From the material below, reproduce exactly the stretch of lines that begins with the line holding "6 Pockets Tactical" and ends with the line holding "Mango Wood Vase with maze design", skipping the pictures.

====== DATA RECORDS

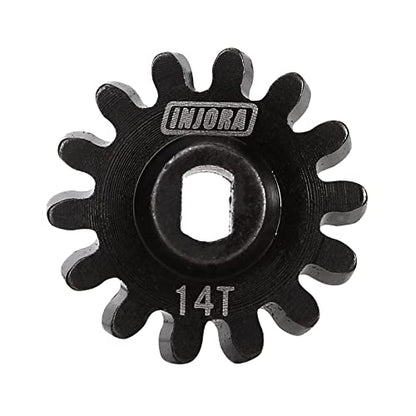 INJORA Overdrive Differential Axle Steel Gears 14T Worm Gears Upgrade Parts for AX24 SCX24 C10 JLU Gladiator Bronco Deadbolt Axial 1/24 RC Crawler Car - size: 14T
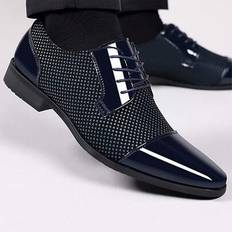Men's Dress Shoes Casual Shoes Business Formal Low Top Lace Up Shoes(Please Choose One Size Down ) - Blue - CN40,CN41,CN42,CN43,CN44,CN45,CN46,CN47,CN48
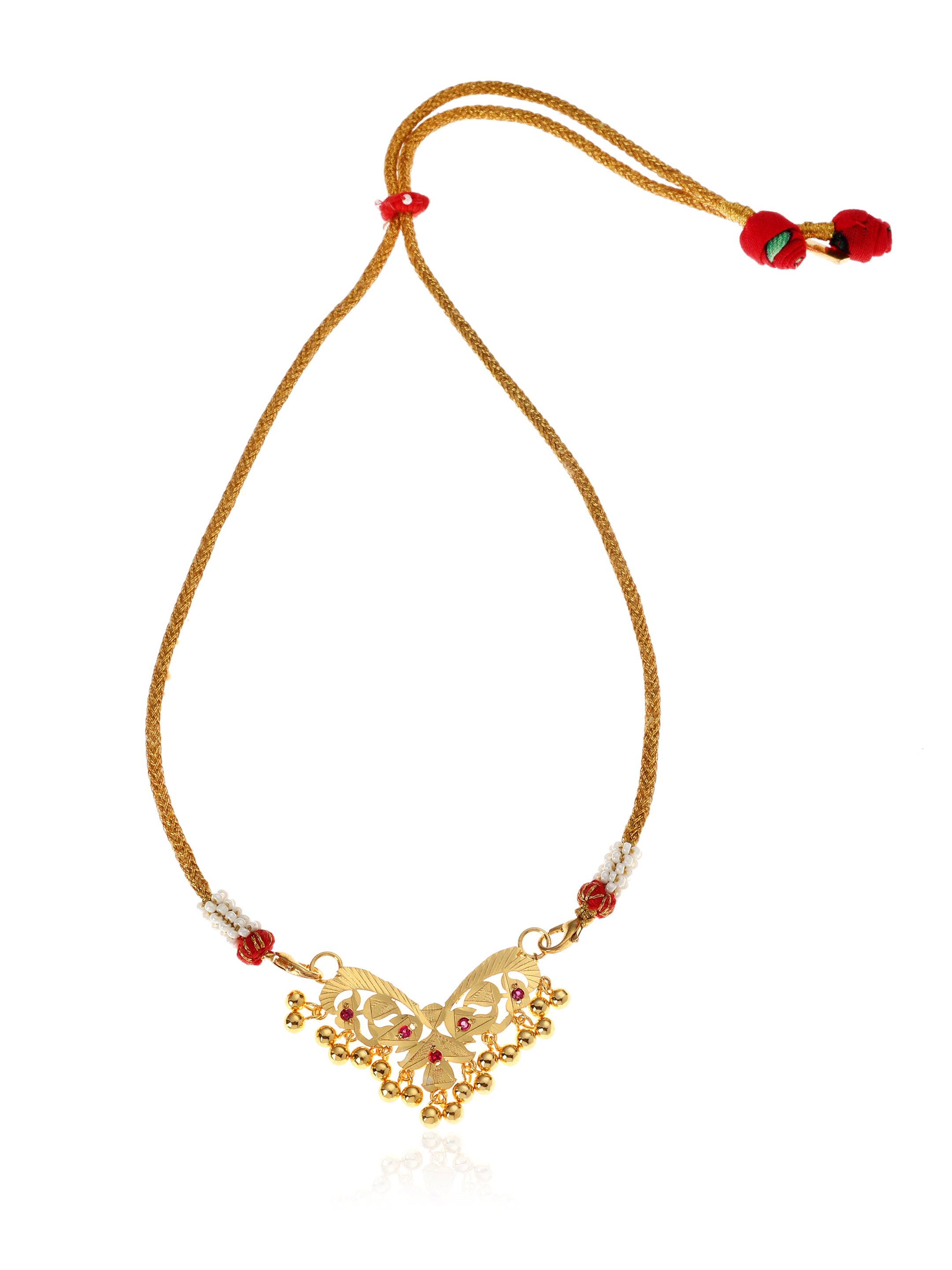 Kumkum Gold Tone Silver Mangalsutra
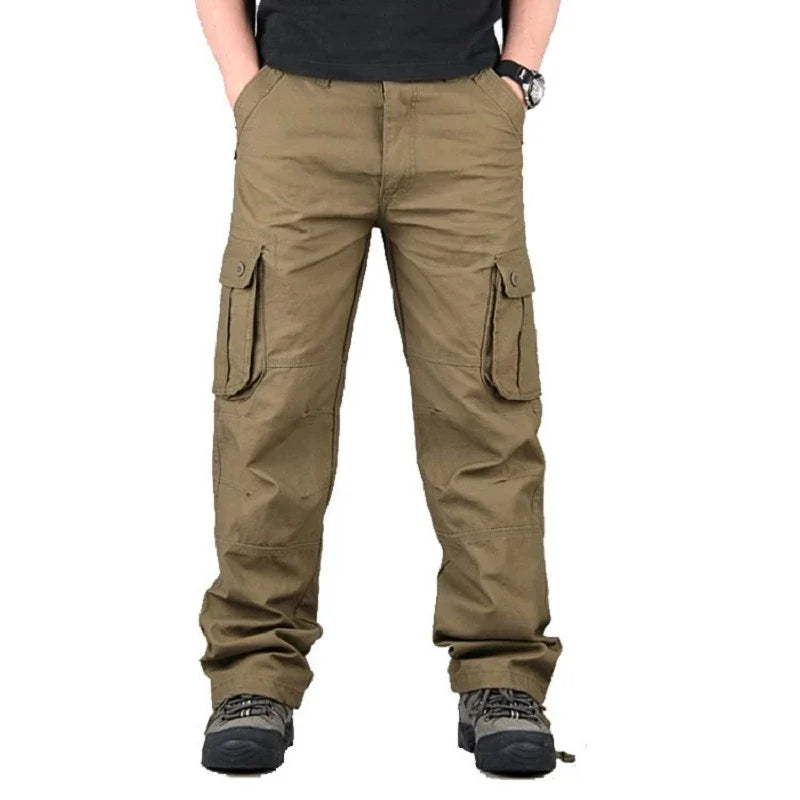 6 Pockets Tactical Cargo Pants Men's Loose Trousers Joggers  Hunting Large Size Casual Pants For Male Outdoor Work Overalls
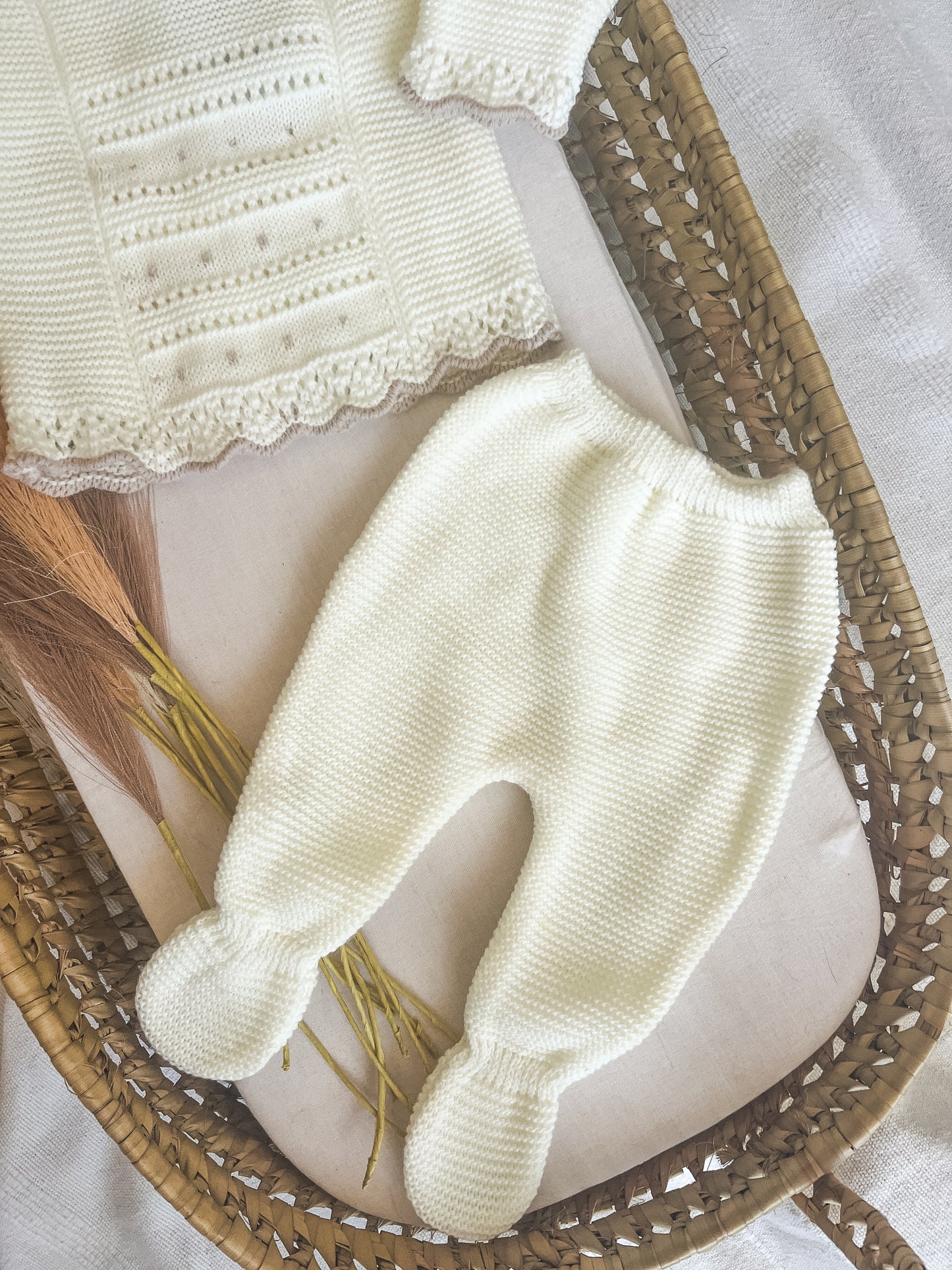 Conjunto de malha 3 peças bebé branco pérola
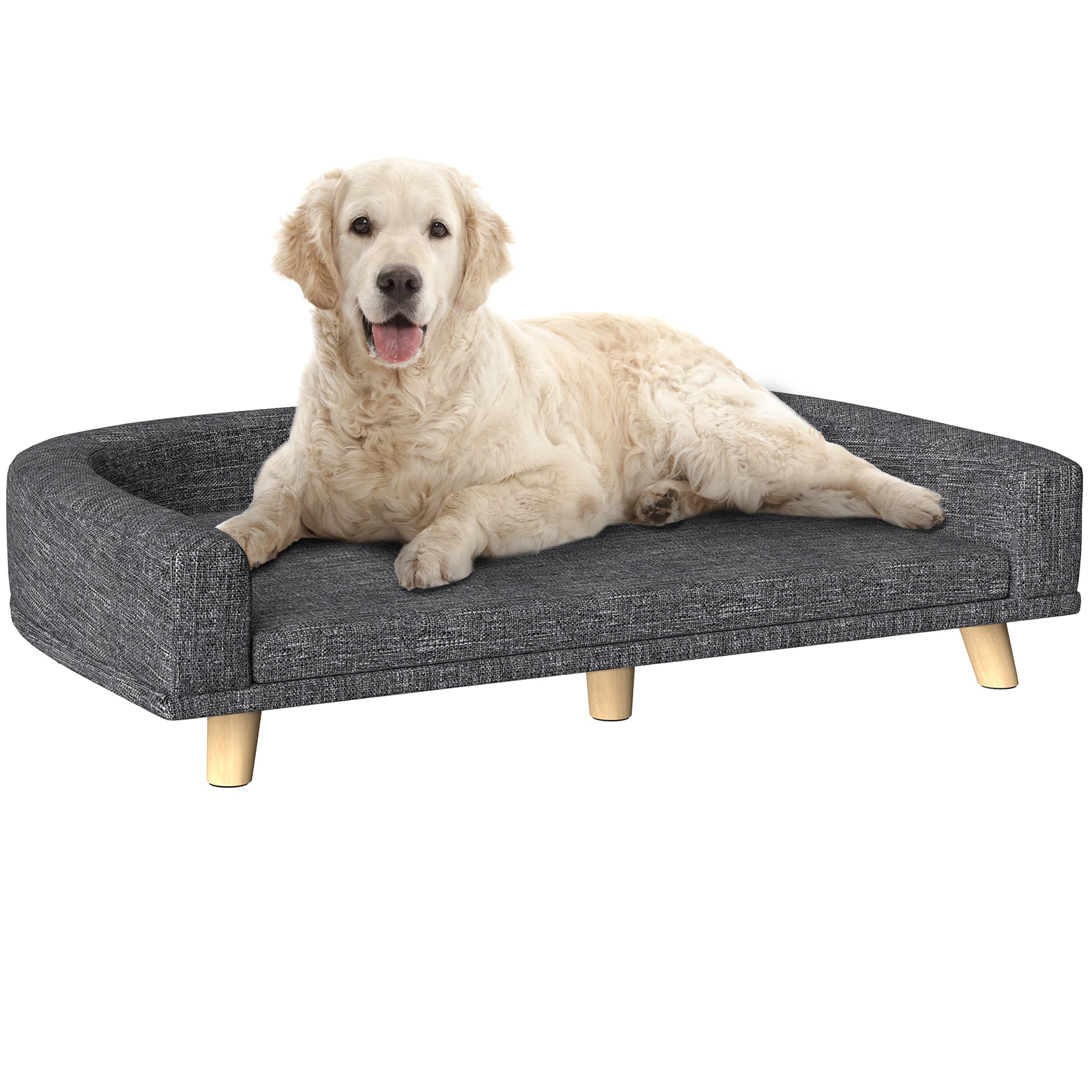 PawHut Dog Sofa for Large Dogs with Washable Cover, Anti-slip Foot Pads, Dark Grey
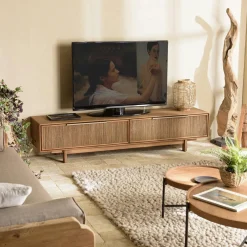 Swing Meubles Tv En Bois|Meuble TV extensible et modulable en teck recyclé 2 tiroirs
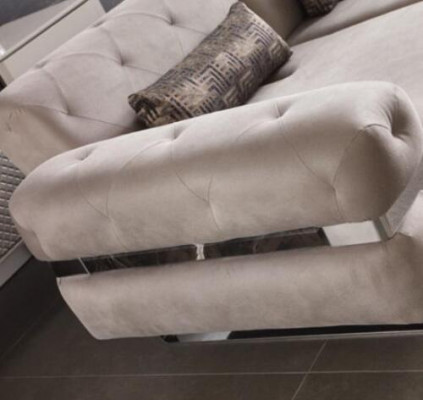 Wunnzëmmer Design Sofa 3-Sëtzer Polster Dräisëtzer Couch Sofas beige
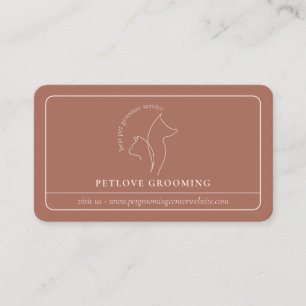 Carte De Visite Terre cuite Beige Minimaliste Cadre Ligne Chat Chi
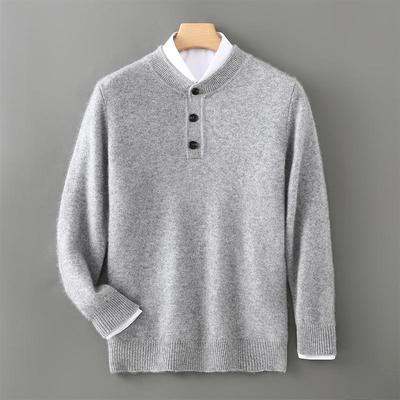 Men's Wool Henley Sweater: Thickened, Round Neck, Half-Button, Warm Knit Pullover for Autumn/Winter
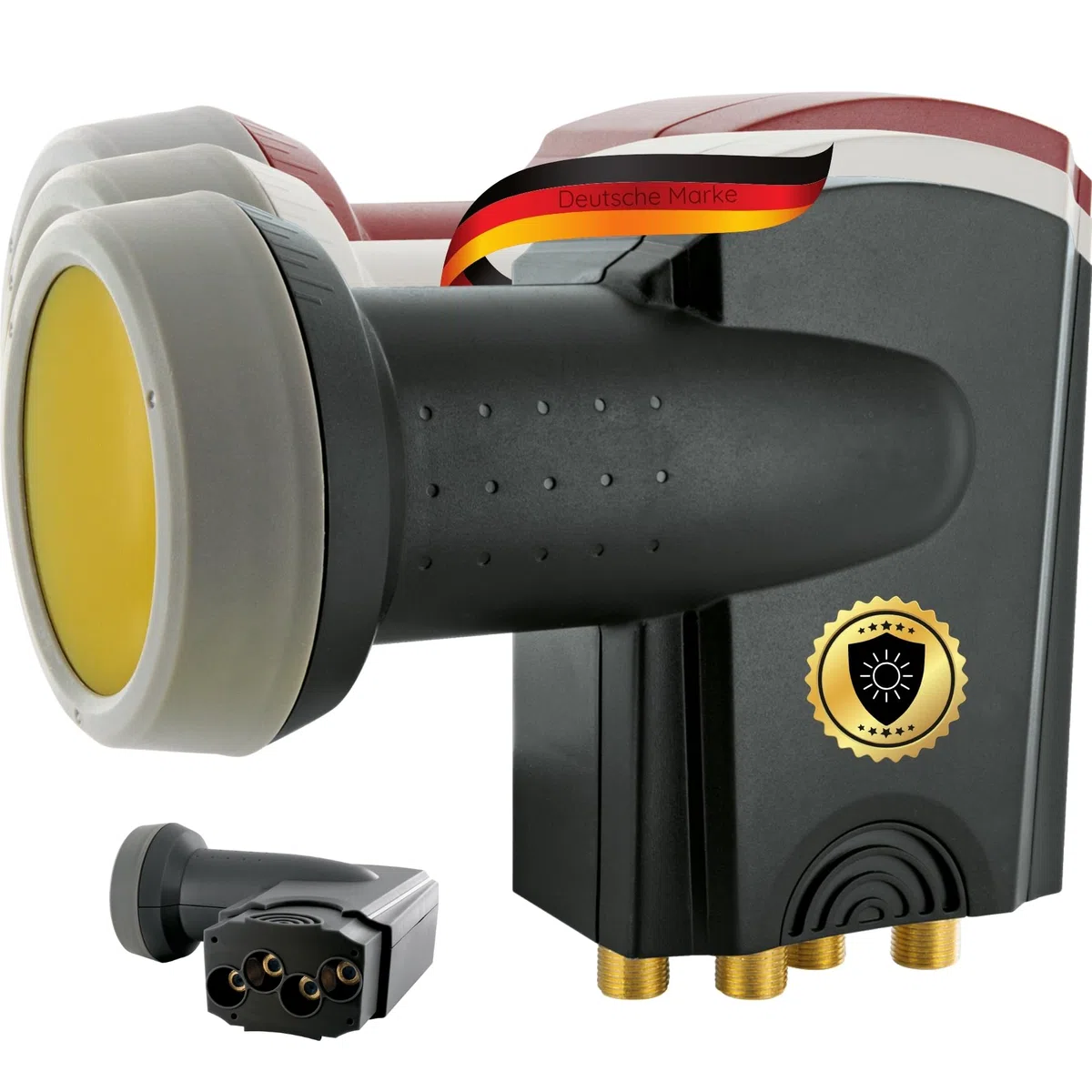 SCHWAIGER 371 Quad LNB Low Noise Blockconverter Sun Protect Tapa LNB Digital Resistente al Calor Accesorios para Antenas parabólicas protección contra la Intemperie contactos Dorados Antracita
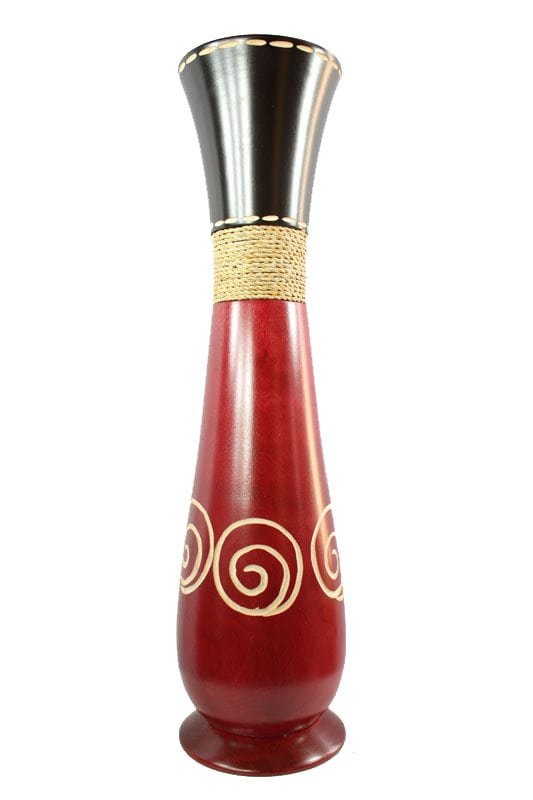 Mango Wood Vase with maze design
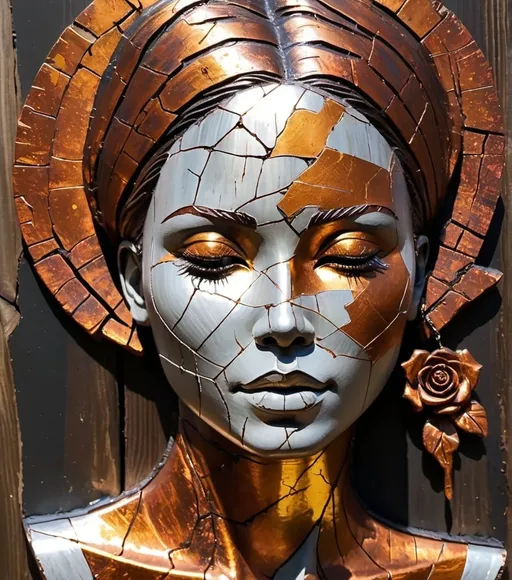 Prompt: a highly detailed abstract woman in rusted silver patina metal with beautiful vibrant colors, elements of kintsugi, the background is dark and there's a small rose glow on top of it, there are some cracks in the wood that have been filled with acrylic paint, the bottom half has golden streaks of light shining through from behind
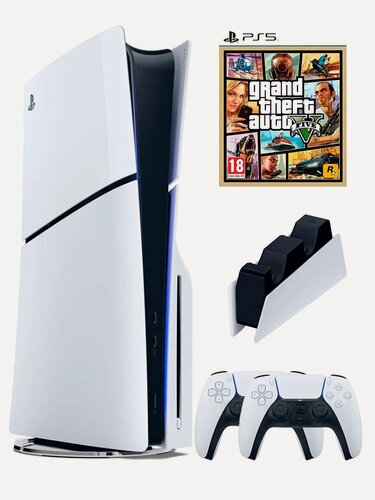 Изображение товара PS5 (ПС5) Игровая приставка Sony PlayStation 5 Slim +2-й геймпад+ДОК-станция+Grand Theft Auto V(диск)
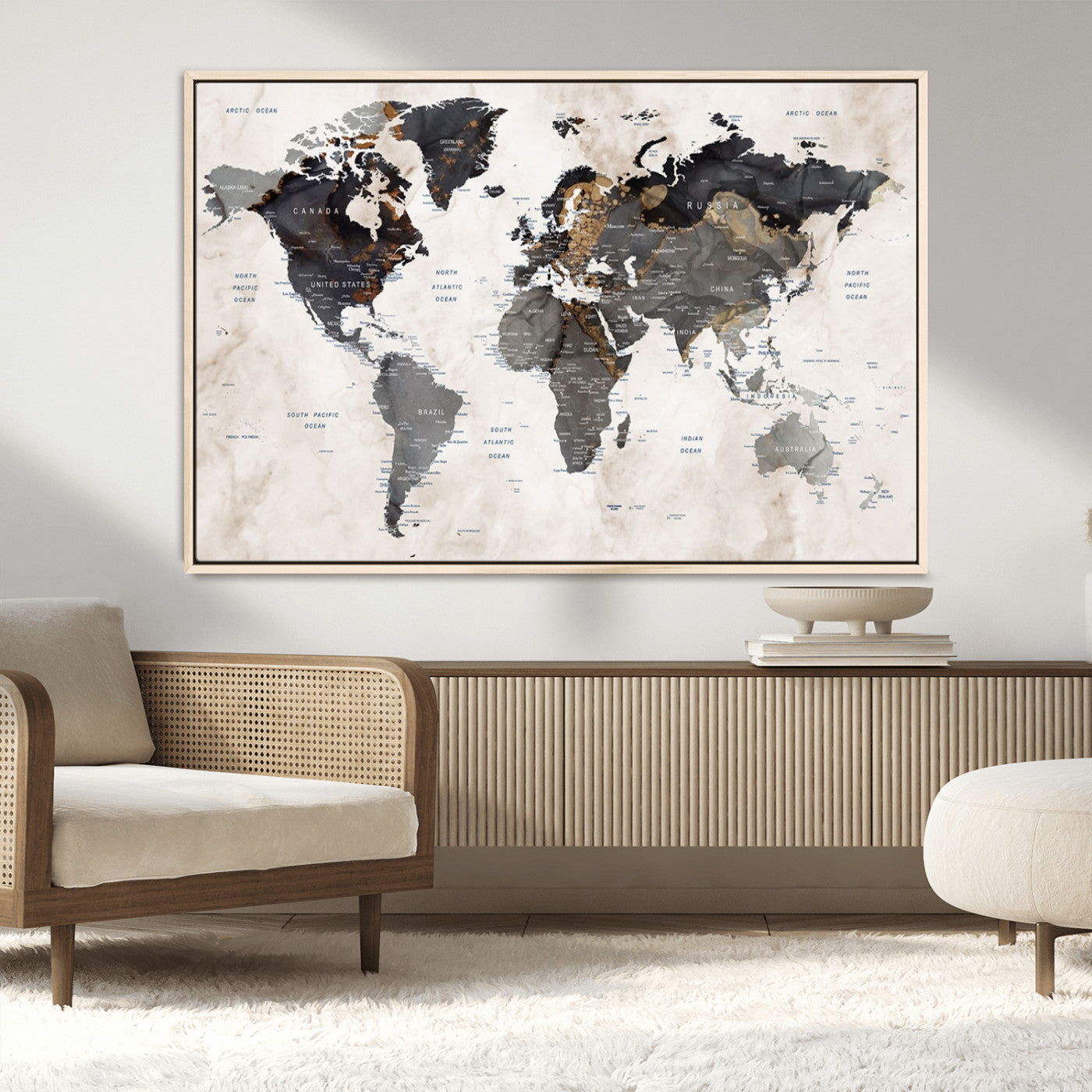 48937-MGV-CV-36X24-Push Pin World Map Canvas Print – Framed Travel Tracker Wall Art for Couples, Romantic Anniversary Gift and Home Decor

============

RESPONSE AREA –
 6 Pockets Tactical Cargo Pants Men's Loose Trousers Joggers  Hunting Large Size Casual Pants For Male Outdoor Work Overalls
 Conjunto de malha 3 peças bebé branco pérola
 PawHut Dog Sofa for Large Dogs with Washable Cover, Anti-slip Foot Pads, Dark Grey
 Swing Meubles Tv En Bois|Meuble TV extensible et modulable en teck recyclé 2 tiroirs
 Wunnzëmmer Design Sofa 3-Sëtzer Polster Dräisëtzer Couch Sofas beige
 Carte De Visite Terre cuite Beige Minimaliste Cadre Ligne Chat Chi
 Men's Wool Henley Sweater: Thickened, Round Neck, Half-Button, Warm Knit Pullover for Autumn/Winter
 SCHWAIGER 371 Quad LNB Low Noise Blockconverter Sun Protect Tapa LNB Digital Resistente al Calor Accesorios para Antenas parabólicas protección contra la Intemperie contactos Dorados Antracita
 Mango Wood Vase with maze design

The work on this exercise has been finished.